WELL, my friends in the blogosphere, that gangly girl of the 80s has now received her THIRD award. Yes, that's right--THIRD. She was completely taken by surprise when she got the first, was convinced that the second would most definitely be her last, but she has now been given A THIRD. Why is said girl speaking in the THIRD person, you ask? I don't know really--and it IS annoying, so I will stop.

I feel a little weird "...thanking my fans..." for making all of this possible (because who do I really think I am, anyway?!), but it always makes me feel so honored to know that 
1. Someone (ANYONE besides a blood-relative or in-law) is actually READING my material and B. Said person actually LIKES what I've written. THIS even tops getting picked first in kickball (not that I would know)!

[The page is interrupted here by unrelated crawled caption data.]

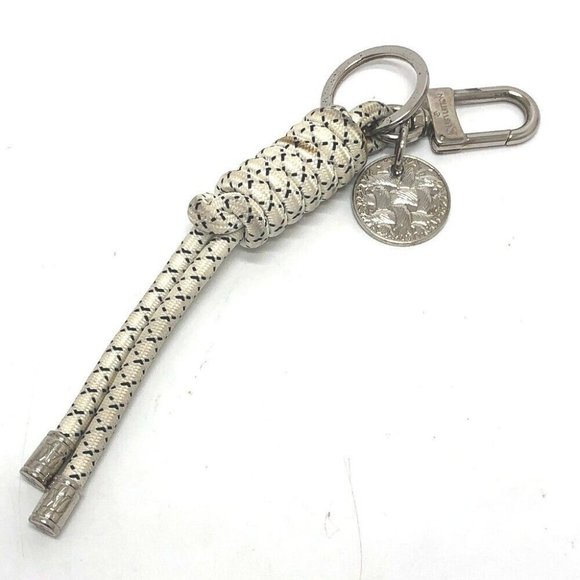 LOUIS VUITTON MP1622 Christopher nemes Key ring Key Holder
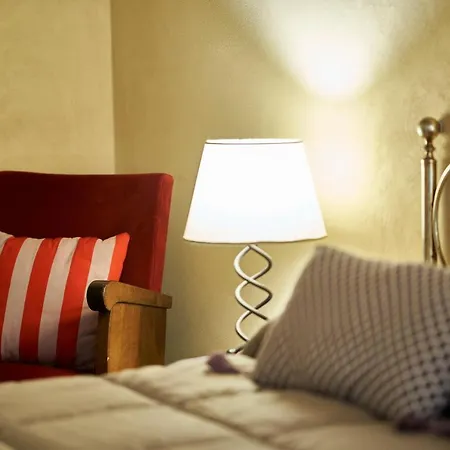 Scala 1746 Pensjonat Siena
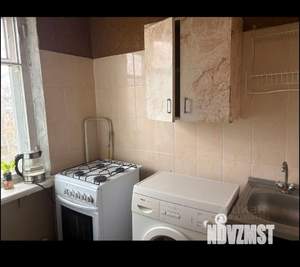 2-к квартира, на длительный срок, 55м2, 5/5 этаж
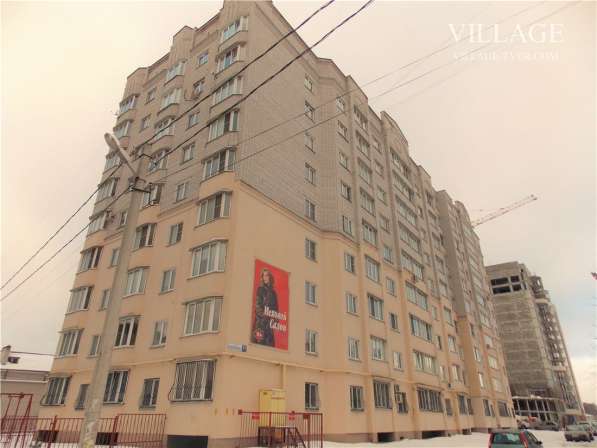 Продам двухкомнатную квартиру в Тверь.Жилая площадь 70 кв.м.Дом кирпичный.Есть Балкон. в Твери фото 26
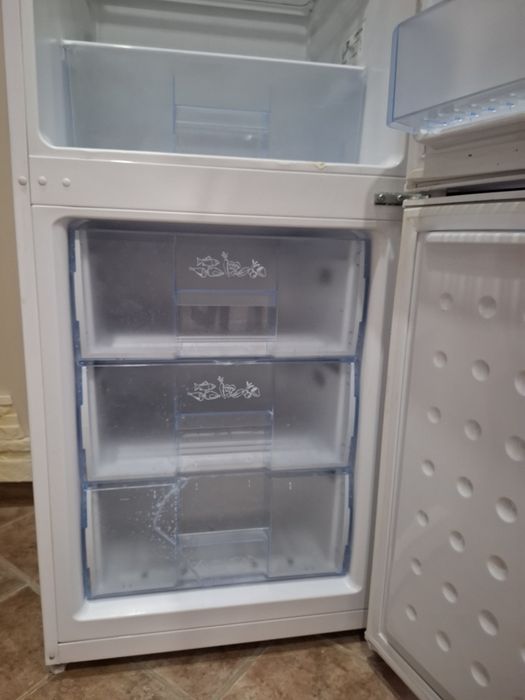 Na sprzedaż lodówka Beko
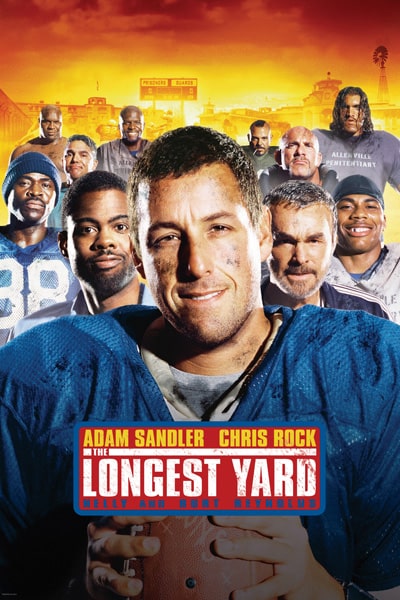 Download The Longest Yard (2005) Dual Audio {Hindi-English} Movie 480p | 720p | 1080p WEB-DL ESub Download The Longest Yard (2005) Dual Audio {Hindi-English} Movie 480p | 720p | 1080p WEB-DL ESub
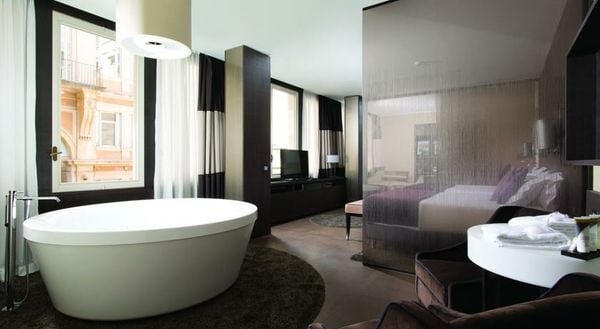 Rome Life Hotel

Check out Melissa Gardener at My Unpublished Life as she was nice enough to nominate me for The Sunshine Award and I am so thrilled to accept it--thank you, Melissa! You will definitely not regret checking out Melissa's page and sharing the love!

There are five rules that go along with accepting The Sunshine Award and they are:
1. Include the award's logo in a post or on your blog.
2. Answer ten questions about yourself.
3. Nominate ten to twelve other fabulous bloggers.
4. Link your nominees to the post and comment on their blogs, letting them know that they have been nominated.
5. Share the love and link the person who nominated you.

Now, those of you who have been doing your homework and reading my posts for these last few months know how I feel about LISTS, but I already knocked out two of the listed items, so I may be able to accomplish this before I lose it (which is HUGE for me)!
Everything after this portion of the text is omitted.